━━━ RECORDED INFORMATION ━━━
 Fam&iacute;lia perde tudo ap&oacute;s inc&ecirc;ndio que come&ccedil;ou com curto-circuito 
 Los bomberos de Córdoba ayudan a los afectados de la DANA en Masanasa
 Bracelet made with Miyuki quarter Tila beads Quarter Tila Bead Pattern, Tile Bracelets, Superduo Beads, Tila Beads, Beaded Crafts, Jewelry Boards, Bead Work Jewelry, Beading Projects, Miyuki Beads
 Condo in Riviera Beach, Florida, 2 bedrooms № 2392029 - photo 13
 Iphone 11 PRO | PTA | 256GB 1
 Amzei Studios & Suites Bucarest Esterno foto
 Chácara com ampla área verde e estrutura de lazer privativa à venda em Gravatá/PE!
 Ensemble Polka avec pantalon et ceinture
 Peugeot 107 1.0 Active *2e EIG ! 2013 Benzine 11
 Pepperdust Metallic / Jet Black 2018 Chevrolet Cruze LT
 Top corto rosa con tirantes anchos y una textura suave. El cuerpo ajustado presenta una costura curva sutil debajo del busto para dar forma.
━━━
Copy out all of the records above with nothing altered.

 Fam&iacute;lia perde tudo ap&oacute;s inc&ecirc;ndio que come&ccedil;ou com curto-circuito 
 Los bomberos de Córdoba ayudan a los afectados de la DANA en Masanasa
 Bracelet made with Miyuki quarter Tila beads Quarter Tila Bead Pattern, Tile Bracelets, Superduo Beads, Tila Beads, Beaded Crafts, Jewelry Boards, Bead Work Jewelry, Beading Projects, Miyuki Beads
 Condo in Riviera Beach, Florida, 2 bedrooms № 2392029 - photo 13
 Iphone 11 PRO | PTA | 256GB 1
 Amzei Studios & Suites Bucarest Esterno foto
 Chácara com ampla área verde e estrutura de lazer privativa à venda em Gravatá/PE!
 Ensemble Polka avec pantalon et ceinture
 Peugeot 107 1.0 Active *2e EIG ! 2013 Benzine 11
 Pepperdust Metallic / Jet Black 2018 Chevrolet Cruze LT
 Top corto rosa con tirantes anchos y una textura suave. El cuerpo ajustado presenta una costura curva sutil debajo del busto para dar forma.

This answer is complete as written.